My soul is weary with sorrow; strengthen me according to Your word – Psalm 119:28
So what do we do? How do we walk through life knowing that pain is inevitable? How do we keep from hiding and trying to protect ourselves from heartache and loss? I have asked this question over and over throughout the past two weeks. I have walked through my share of grief before, but so much has happened these past two weeks that I was caught off guard and found myself questioning God’s plans and promises. I found myself in a place where I didn’t even know how to pray or what to say. In two short weeks I have watched my family walk through sorrow and have felt as if my own personal dreams have died. Grief once again reminded me that it is no respecter of persons. Sadness and feelings of hopelessness have wanted to become my best friends, filling my head with doubts and fears.
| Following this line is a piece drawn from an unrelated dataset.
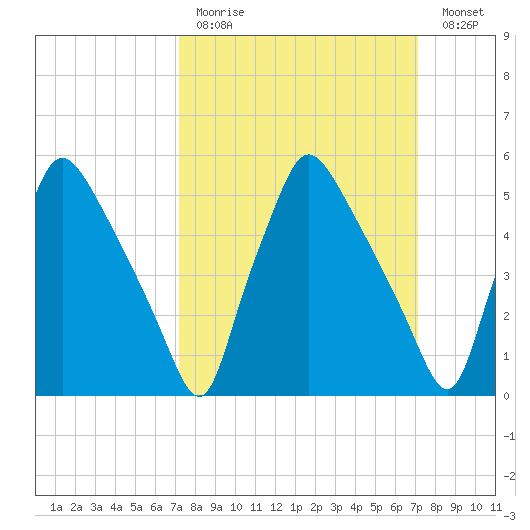 Norwood City tide chart for Sunday, March 14, 2021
I was reminded this week of the story of Shadrach, Meshach, and Abednego. Three men of God who resolved to serve the Lord at all times. When King Nebuchadnezzar demanded that everyone worship his golden image, they refused despite the threats of death in the fiery furnace. When confronted by the king, Shadrach, Meshach, and Abednego said something so profound. They looked the king in the eye and said “Our God will rescue us..but even if He doesn’t, we will not worship your golden image.” Even if He doesn’t, we will still praise Him. Even if He doesn’t, He is still good. Even if He doesn’t..
I will bless the Lord at all times: His praise shall continually be in my mouth. – Psalm 34:1
This is the answer isn’t it?! How we walk through seasons of grief, how we hold our heads up and refuse to allow fear to overtake us, how we continue to stand on God’s promises despite what things look like around us. The answer is found in the resolve to say but even if He doesn’t, I will bless the Lord at all times. The answer is found in the place where we can stand on God’s word, remember the things that He has done, and draw our strength from His very heart and character and presence in our lives. The answer is found in our deep beliefs that He is good at all times, no matter what happens. We have to understand that we live in a broken and fallen world and bad things happen. Life hurts and is hard and we don’t understand. But He is good. We lose people we love and our dreams can shatter in pieces. But He is good. We endure sorrow and trauma and tragedy. But He is good. May this always be my focus. May my eyes always look to Him and His goodness and faithfulness. May I determine to focus on nothing else, as Paul said, but Jesus Christ and Him crucified.
But if not, He is still good. And that my soul knows very well.